Department of Pathology and Laboratory Medicine Mount Sinai Hospital 600 University Avenue Toronto, Ontario M5G 1X5 Canada E-mail: rvieth{at}mtsinai.on.ca

Dear Sir:

The recent paper in the Journal by Chan et al (1) may affect decisions a person may make to optimize nutrient intakes and to determine which clinical strategies to use to treat prostate cancer. They report that high intakes of dairy products or calcium increase the risk of prostate cancer and propose that anything that lowers circulating 1,25-dihydroxyvitamin D₃ [1,25(OH)₂D₃] concentrations—particularly the consumption of calcium or dairy products—could increase the risk of prostate cancer.

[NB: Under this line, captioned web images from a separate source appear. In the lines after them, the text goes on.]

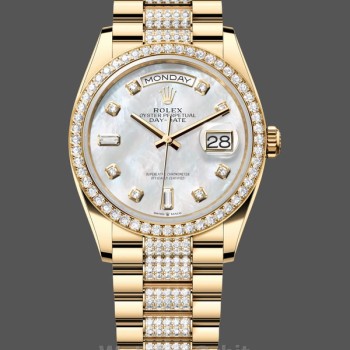 Women's Rolex Day-Date 36mm Yellow Gold Diamond Bezel MOP Dial - M128348RBR 0019 MOP Dial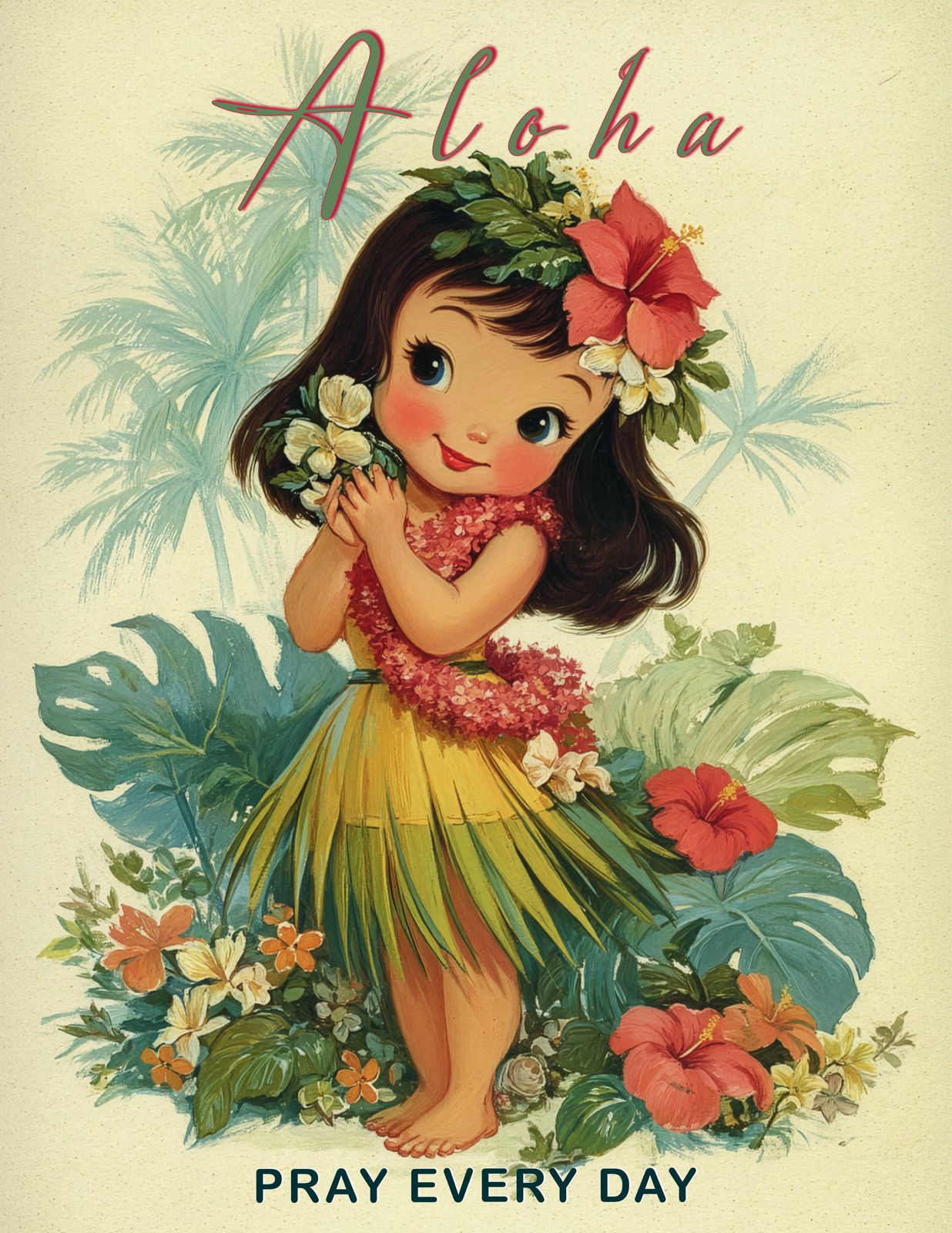 Keiki Prayer Girl - Hawaii Art - Original Hawaii Art Print by Wailea Art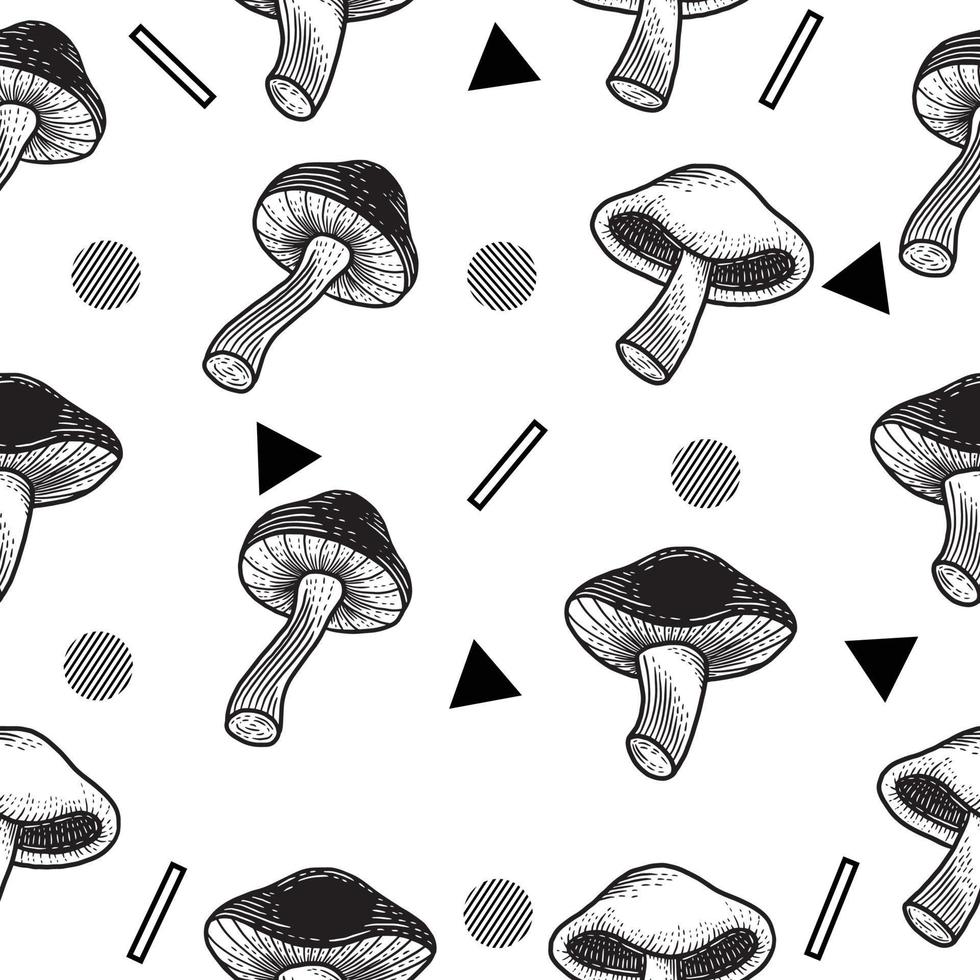 ensemble noir et blanc champignons aliments sains gravés à la main dessinés au hasard objet noir contour illustration blanc. vecteur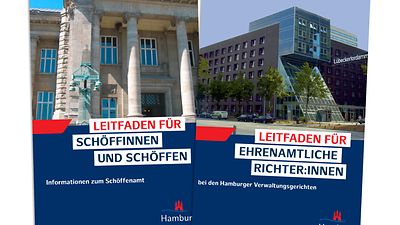  Titelbilder von zwei Leitfäden mit Überschrift und je einem Bild sowie Hamburg Logo
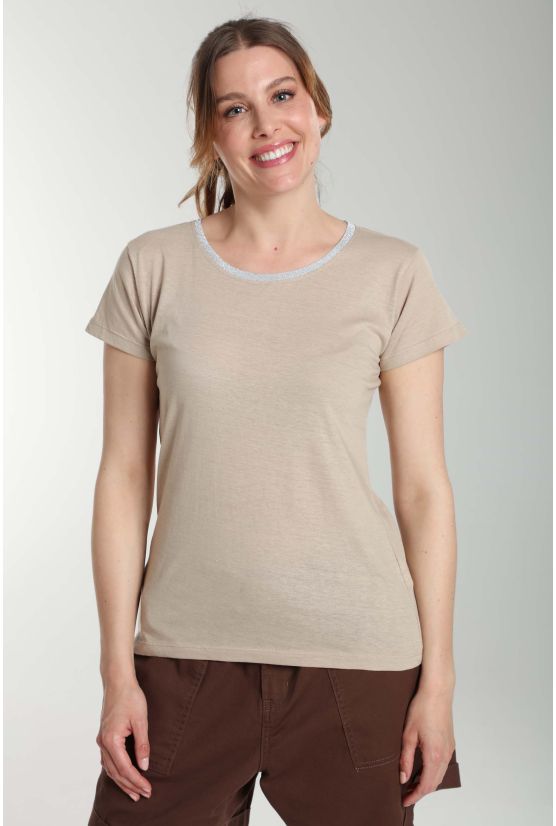 Tee shirt col rond lurex manches courtes femme Tee Summer Taupe Clair Gérard Pasquier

They state in the discussion section, "epidemiologic studies suggest that 1,25(OH)₂D₃ may protect against prostate cancer" (1). However, most of the epidemiologic studies they cite (2–5) do not support this statement. No study, except that by Corder et al (6), shows a relation between circulating 1,25(OH)₂D₃ concentrations and prostate cancer. Corder et al reported that the mean prediagnostic 1,25(OH)₂D₃ concentration was significantly lower in patients with prostate cancer than in a control cohort by 4.6 pmol/L (1.83 pg/mL). This difference in 1,25(OH)₂D₃ concentrations is poor evidence of a role for 1,25(OH)₂D₃ in prostate cancer given that normal concentrations typically range from 40 to 140 pmol/L.

The epidemiologic evidence relating prostate cancer to vitamin D or 25-hydroxyvitamin D₃ concentrations [25(OH)D₃] is based on ecologic studies that show an inverse correlation between ultraviolet light exposure and mortality rates from prostate cancer in the United States (5). Ultraviolet light has profound effects on circulating concentrations of 25(OH)D₃ but practically no effect on circulating 1,25(OH)₂D₃, the concentration of which is stimulated by low calcium intakes.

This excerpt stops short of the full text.